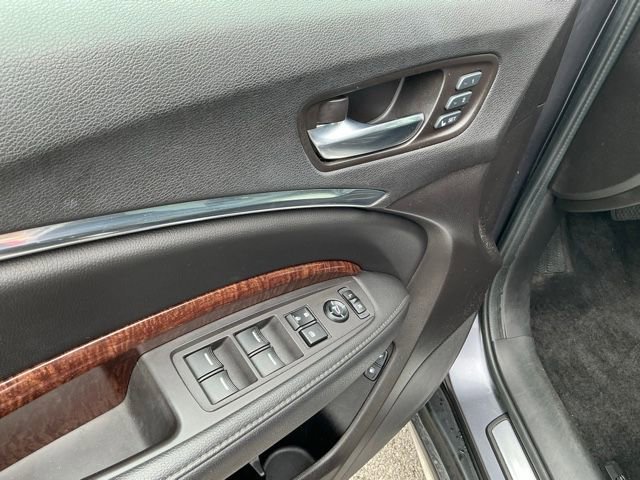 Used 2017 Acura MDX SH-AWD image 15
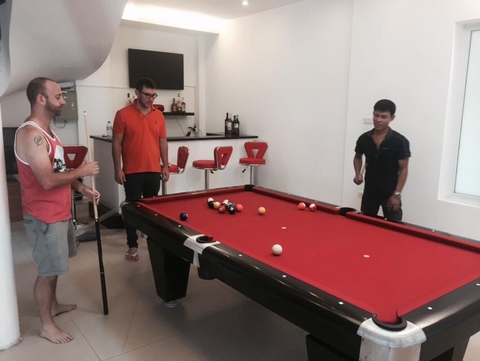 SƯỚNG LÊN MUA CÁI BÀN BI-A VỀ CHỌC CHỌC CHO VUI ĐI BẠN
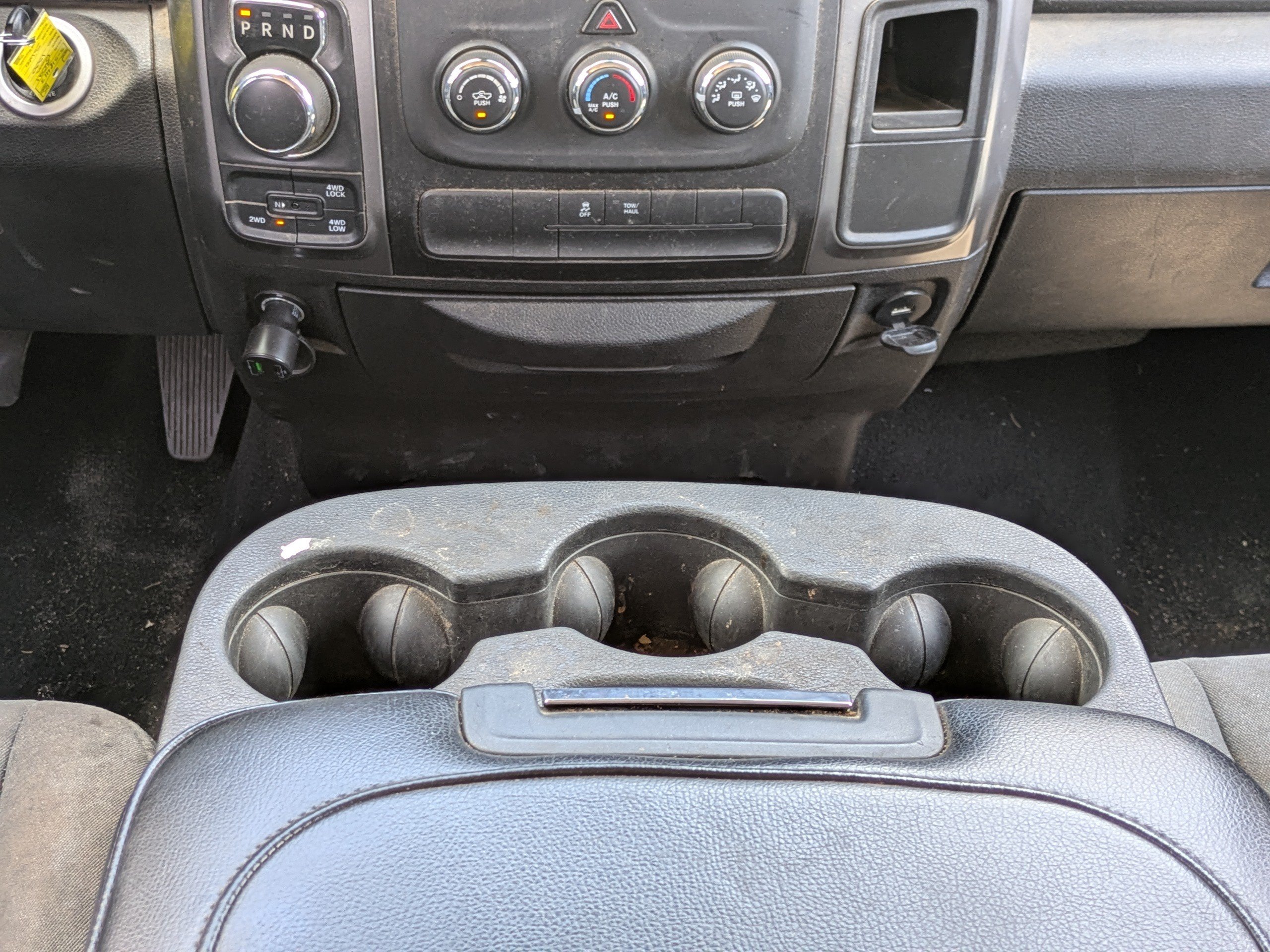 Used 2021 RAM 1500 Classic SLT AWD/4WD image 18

★ ★ ★

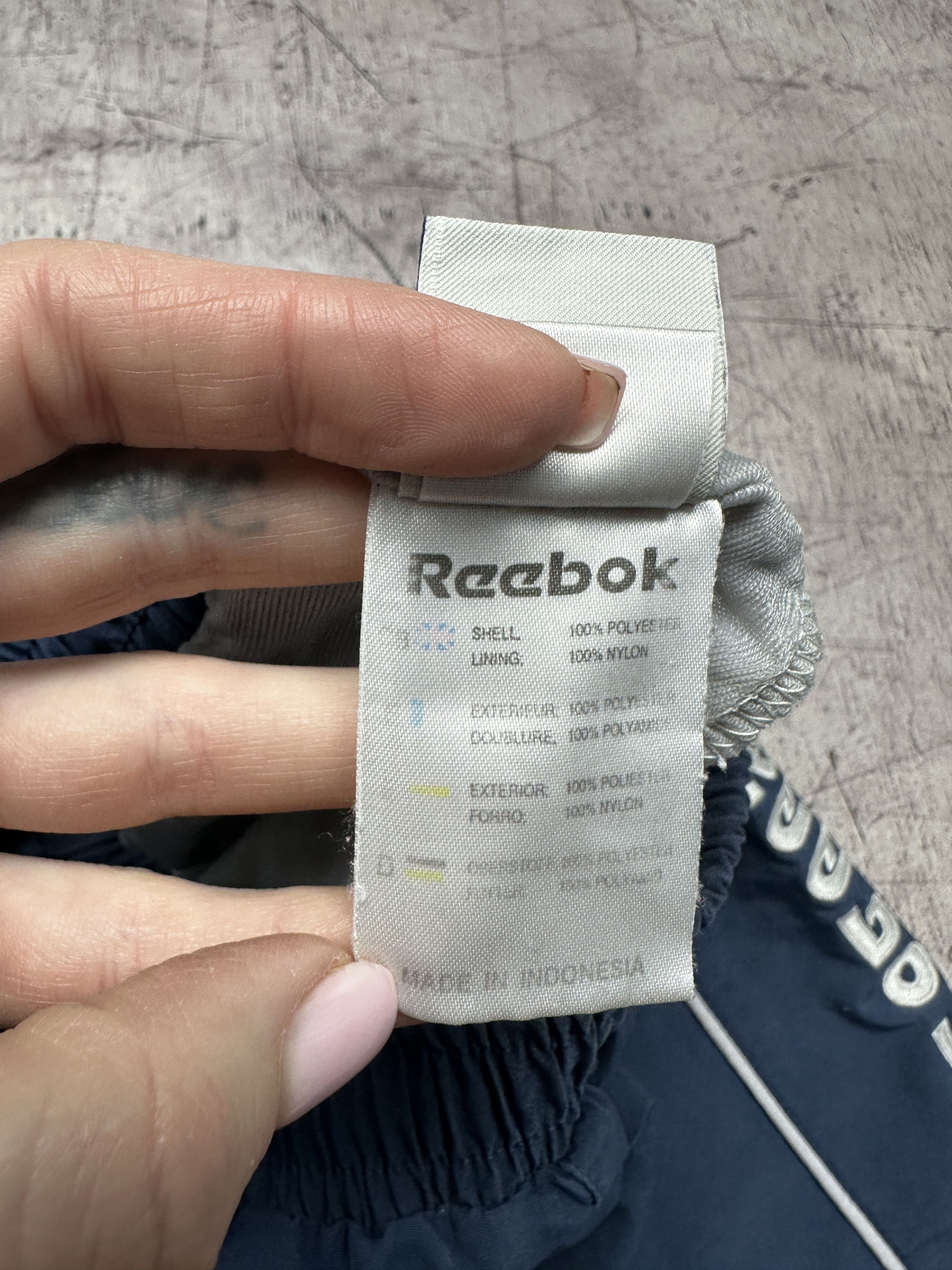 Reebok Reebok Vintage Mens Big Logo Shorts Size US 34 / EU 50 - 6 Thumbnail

★ ★ ★

Working from the data above, repeat exactly, and only, the lines that begin at the line containing "Used 2017 Acura MDX SH-AWD image 15" and stop after the line containing "Used 2021 RAM"; pictures are not copied.

- _Exercise answer_
 Used 2017 Acura MDX SH-AWD image 15
 SƯỚNG LÊN MUA CÁI BÀN BI-A VỀ CHỌC CHỌC CHO VUI ĐI BẠN
 Used 2021 RAM 1500 Classic SLT AWD/4WD image 18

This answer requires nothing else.